ConfigurationΒΆ
Tuplex provides several mechanism to easily configure the framework. To quickly try out different settings,
you can directly manipulate the Context
object. For an overview over available configuration keys, consult the API of the Context
object directly.
This can be either done by passing a dictionary
from tuplex import *
c = Context(conf={"executorMemory" : "2G"})
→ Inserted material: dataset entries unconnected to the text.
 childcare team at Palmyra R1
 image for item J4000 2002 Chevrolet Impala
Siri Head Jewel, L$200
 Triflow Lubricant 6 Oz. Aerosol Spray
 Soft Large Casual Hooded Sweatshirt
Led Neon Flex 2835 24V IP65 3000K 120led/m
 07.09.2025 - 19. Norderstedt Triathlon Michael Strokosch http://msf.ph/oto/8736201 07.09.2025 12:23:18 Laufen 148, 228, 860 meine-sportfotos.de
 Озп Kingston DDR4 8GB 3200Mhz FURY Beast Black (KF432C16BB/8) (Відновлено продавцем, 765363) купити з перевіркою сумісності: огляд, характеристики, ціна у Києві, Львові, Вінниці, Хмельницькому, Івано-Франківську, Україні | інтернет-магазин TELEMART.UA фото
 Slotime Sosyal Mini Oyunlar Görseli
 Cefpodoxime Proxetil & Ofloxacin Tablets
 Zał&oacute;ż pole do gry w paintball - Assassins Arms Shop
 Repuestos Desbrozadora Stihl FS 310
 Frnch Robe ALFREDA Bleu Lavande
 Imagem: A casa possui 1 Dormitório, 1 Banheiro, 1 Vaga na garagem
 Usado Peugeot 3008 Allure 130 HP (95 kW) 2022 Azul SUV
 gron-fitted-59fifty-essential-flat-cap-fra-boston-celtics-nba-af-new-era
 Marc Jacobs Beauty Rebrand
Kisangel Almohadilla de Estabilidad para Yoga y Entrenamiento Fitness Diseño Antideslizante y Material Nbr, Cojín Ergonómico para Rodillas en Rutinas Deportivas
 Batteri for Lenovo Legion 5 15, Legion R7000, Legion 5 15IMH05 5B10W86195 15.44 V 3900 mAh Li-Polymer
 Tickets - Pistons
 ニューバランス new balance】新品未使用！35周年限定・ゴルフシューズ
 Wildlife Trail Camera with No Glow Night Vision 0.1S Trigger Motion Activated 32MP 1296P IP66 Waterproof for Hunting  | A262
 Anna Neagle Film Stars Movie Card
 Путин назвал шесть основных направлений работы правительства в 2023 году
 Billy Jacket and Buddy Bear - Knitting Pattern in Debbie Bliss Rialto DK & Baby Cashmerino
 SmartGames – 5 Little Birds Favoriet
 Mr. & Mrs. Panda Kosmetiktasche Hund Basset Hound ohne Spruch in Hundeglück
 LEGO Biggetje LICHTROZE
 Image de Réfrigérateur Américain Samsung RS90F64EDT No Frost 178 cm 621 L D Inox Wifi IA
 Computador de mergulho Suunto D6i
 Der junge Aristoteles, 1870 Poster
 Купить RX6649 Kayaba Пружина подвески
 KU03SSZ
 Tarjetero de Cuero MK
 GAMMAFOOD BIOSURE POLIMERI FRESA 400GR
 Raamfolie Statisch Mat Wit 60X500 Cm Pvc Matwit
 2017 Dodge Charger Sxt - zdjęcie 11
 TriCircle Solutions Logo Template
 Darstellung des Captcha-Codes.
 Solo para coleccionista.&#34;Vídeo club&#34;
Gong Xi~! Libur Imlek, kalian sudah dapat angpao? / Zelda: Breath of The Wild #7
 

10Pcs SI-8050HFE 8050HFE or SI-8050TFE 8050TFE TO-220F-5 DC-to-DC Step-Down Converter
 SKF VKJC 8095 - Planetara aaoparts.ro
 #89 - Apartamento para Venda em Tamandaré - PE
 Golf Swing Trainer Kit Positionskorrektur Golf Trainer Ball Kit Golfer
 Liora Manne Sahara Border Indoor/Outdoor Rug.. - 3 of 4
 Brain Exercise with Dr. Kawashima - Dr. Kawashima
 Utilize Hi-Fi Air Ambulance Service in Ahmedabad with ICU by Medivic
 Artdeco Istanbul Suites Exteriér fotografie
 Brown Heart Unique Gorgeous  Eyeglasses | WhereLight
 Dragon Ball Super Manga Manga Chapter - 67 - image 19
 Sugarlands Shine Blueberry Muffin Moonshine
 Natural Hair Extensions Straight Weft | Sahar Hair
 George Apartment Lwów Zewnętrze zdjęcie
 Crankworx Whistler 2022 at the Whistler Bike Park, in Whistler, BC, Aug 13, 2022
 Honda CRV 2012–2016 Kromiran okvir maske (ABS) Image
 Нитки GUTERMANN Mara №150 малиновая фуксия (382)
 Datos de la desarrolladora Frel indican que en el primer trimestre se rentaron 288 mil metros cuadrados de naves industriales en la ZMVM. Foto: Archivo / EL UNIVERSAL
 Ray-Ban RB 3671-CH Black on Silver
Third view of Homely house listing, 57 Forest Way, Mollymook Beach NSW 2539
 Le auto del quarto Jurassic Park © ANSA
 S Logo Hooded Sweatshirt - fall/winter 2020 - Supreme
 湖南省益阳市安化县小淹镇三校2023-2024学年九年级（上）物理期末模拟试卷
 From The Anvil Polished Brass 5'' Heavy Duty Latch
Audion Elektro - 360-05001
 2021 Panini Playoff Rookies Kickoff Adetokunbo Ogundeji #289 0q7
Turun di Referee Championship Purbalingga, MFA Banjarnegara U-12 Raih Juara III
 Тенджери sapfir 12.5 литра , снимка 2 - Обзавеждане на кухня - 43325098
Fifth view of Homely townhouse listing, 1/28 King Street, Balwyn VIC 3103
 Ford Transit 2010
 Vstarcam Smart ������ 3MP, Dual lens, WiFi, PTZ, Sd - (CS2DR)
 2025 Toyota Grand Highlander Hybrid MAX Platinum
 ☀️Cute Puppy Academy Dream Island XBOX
or using keyword arguments.
from tuplex import *
c = Context(executorMemory="2G")
Furthermore, Tuplex allows to use a yaml file for configuration. If no file is specified, Tuplex looks for a file conf.yaml
in the working directory.
If found, this file will be attempted to be loaded as configuration file.
from tuplex import *
c = Context(conf="/conf/tuplex.yaml")
For any keys the user did not supply values, Tuplex will use its internal defaults. An example config file is
# FastETL configuration file
# created 2019-02-17 16:45:09.940033 UTC
tuplex:
- allowUndefinedBehavior: false
- autoUpcast: false
- csv:
- comments: ["#", "~"]
- generateParser: true
- maxDetectionMemory: 256KB
- maxDetectionRows: 100
- quotechar: "\""
- selectionPushdown: true
- separators: [",", ;, "|", "\t"]
- driverMemory: 1GB
- executorCount: 4
- executorMemory: 1GB
- logDir: .
- normalcaseThreshold: 0.9
- partitionSize: 1MB
- runTimeLibrary: tuplex_runtime
- runTimeMemory: 32MB
- runTimeMemoryBlockSize: 4MB
- scratchDir: /tmp
- useLLVMOptimizer: true
Note
The same yaml file passed to configure Tuplex can be also used to store application specific configuration details. Tuplex only requires keys to start with tuplex
in the yaml file.